Mr. Prime Minister:
I write to ask your help in assuring that justice is done in the case of Bilal Hussein, an Iraqi citizen and photographer for The Associated Press who has been detained by the United States military since April 12, 2006. They say they suspect him of aiding terrorists.
U.S. military officials have made many accusations against Mr. Hussein, although they have provided no evidence to support them. AP has conducted its own investigation of every specific allegation and has found them all to be either not credible or absolutely false.
We believe the real reason for Mr. Hussein’s detention and incarceration for 19 months without charges is that he produced images of conflict in Anbar Province which the military did not want the citizens of Iraq and the United States to see.
Just days ago, AP was informed that the military intends to submit a criminal complaint against Mr. Hussein before the Central Criminal Court of Iraq, on or shortly after November 29.
While we are grateful that Mr. Hussein will finally have a chance to see and challenge the evidence against him, we are deeply concerned that U.S. military authorities are doing their best to make it difficult for his case to receive a fair hearing.
Mr. Hussein’s attorney barely has time to reach Baghdad before the 29th. There is no time at all to prepare his client and his case for court. Military authorities refuse even to tell him what day he must appear in court until the morning of the first hearing. They have also refused to disclose to him the specific allegations they will make to the court or the supporting evidence they will submit.
We fear that the special hostility of the U.S. military to Mr. Hussein and his work as a journalist puts him at special risk now.

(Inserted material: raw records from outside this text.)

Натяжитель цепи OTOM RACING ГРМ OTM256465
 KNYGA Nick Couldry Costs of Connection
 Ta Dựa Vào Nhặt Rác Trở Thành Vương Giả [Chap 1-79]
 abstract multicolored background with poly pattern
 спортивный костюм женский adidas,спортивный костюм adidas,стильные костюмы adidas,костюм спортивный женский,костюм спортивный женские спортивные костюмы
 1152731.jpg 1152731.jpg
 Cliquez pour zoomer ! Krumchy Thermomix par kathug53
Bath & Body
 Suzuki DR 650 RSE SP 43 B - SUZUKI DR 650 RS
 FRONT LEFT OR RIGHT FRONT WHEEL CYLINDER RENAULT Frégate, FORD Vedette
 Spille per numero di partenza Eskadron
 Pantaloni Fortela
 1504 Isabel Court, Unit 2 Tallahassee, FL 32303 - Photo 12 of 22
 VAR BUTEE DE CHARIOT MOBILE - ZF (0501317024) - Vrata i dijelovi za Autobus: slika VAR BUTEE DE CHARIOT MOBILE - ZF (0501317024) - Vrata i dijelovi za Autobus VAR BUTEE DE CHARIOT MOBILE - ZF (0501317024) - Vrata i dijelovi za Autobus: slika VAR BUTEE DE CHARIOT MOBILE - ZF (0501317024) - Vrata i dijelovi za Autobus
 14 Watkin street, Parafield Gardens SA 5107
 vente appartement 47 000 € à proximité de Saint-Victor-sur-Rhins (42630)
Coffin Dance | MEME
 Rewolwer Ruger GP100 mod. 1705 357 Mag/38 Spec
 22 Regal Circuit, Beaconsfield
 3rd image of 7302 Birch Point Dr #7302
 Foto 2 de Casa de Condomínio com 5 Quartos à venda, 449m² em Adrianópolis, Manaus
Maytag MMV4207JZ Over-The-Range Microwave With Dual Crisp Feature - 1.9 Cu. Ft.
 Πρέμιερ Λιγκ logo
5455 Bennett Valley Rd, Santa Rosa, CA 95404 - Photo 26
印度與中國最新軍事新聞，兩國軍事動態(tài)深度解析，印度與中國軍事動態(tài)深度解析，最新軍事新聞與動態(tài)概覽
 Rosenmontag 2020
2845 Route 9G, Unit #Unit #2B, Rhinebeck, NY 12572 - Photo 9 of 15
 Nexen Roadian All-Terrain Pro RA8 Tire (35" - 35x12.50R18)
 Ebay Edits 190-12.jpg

Mr. Hussein’s initial hearing before an Iraqi investigative judge is critical. It will determine whether there are charges against him and frame the legal and factual issues that will decide his fate.
U.S. military attorneys have had 19 months to prepare for this important day. They know the law and facts to which they will seek to draw the judge’s attention. They are experienced in presenting evidence against detainees before Iraqi judges and are familiar with the rules and procedures governing such cases.
Mr. Hussein’s attorney, on the other hand, will have no idea which allegations and what evidence he must seek to overcome with arguments and evidence of his own. And although he will be aided by local counsel, it will be his first appearance in an Iraqi criminal court.
For these reasons I ask that you take whatever steps you consider appropriate to insure that proceedings against Mr. Hussein are conducted with the care and impartiality that any of the 24,000 Iraqi citizens detained by the U.S. military would have a right to expect of an Iraqi court.
We are grateful for your attention and consideration.